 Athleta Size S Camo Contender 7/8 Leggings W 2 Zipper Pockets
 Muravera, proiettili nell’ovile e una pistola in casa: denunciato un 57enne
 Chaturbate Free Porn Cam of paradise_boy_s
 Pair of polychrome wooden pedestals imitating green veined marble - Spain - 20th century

...

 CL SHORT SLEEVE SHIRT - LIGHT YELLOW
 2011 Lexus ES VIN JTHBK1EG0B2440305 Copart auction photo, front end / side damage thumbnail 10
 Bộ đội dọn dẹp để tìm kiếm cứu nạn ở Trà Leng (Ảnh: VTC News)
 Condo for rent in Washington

--

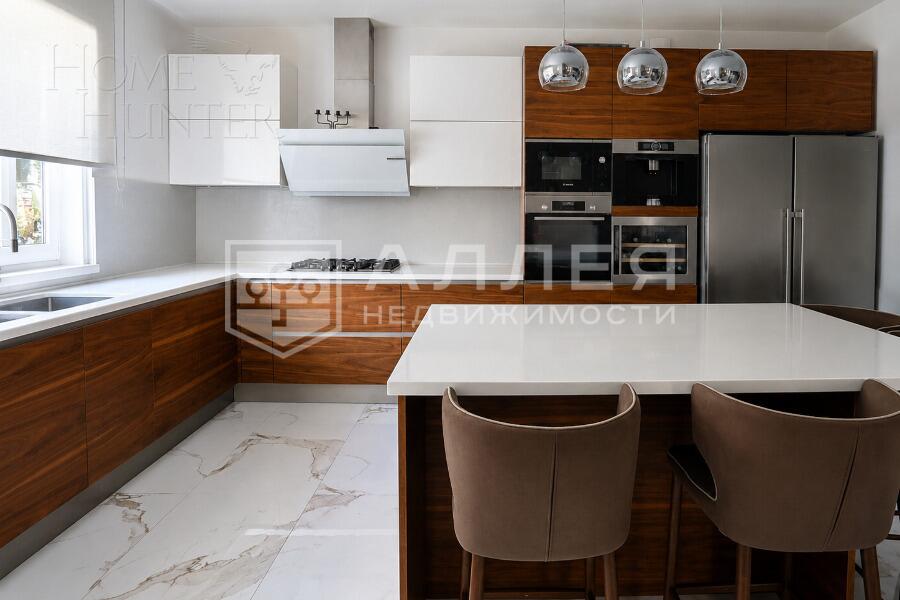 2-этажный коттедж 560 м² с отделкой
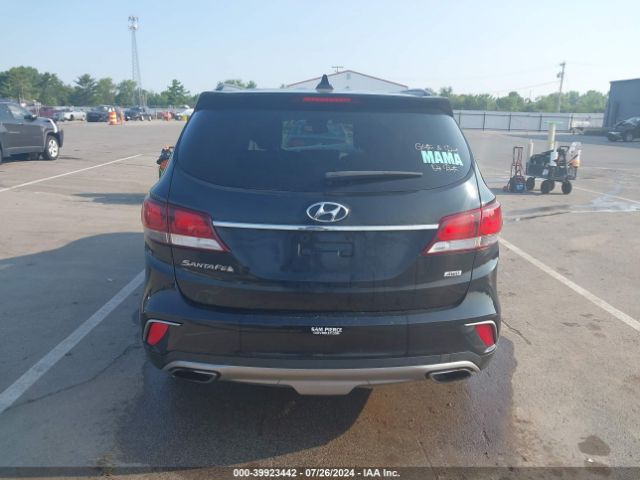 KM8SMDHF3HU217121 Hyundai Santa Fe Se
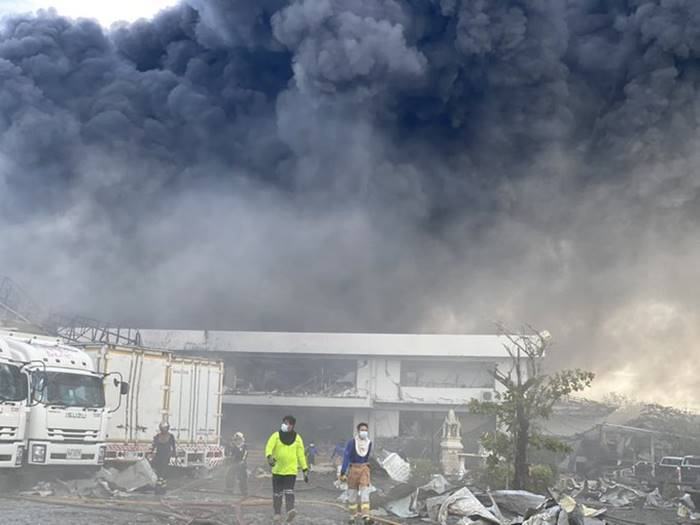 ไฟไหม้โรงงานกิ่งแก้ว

◆ Work required: From the entries above, restate word for word the lines from the line containing "Athleta Size S" to the line containing "Pair of polychrome", both ends included, and nothing more.

◆ Answer space:
 Athleta Size S Camo Contender 7/8 Leggings W 2 Zipper Pockets
 Muravera, proiettili nell’ovile e una pistola in casa: denunciato un 57enne
 Chaturbate Free Porn Cam of paradise_boy_s
 Pair of polychrome wooden pedestals imitating green veined marble - Spain - 20th century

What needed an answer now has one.